■ Given material:
= Beginning of Section =

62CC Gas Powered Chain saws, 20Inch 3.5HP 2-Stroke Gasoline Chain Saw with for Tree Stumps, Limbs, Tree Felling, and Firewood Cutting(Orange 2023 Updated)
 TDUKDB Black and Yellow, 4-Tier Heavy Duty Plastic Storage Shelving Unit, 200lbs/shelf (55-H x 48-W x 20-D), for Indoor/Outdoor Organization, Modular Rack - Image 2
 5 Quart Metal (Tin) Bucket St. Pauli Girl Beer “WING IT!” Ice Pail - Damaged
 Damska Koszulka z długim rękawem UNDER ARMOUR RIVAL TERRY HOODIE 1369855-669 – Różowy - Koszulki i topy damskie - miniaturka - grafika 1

= End of Section =

■ Work instructions: Output the data once more, exactly as it appears above.

■ Answer:
62CC Gas Powered Chain saws, 20Inch 3.5HP 2-Stroke Gasoline Chain Saw with for Tree Stumps, Limbs, Tree Felling, and Firewood Cutting(Orange 2023 Updated)
 TDUKDB Black and Yellow, 4-Tier Heavy Duty Plastic Storage Shelving Unit, 200lbs/shelf (55-H x 48-W x 20-D), for Indoor/Outdoor Organization, Modular Rack - Image 2
 5 Quart Metal (Tin) Bucket St. Pauli Girl Beer “WING IT!” Ice Pail - Damaged
 Damska Koszulka z długim rękawem UNDER ARMOUR RIVAL TERRY HOODIE 1369855-669 – Różowy - Koszulki i topy damskie - miniaturka - grafika 1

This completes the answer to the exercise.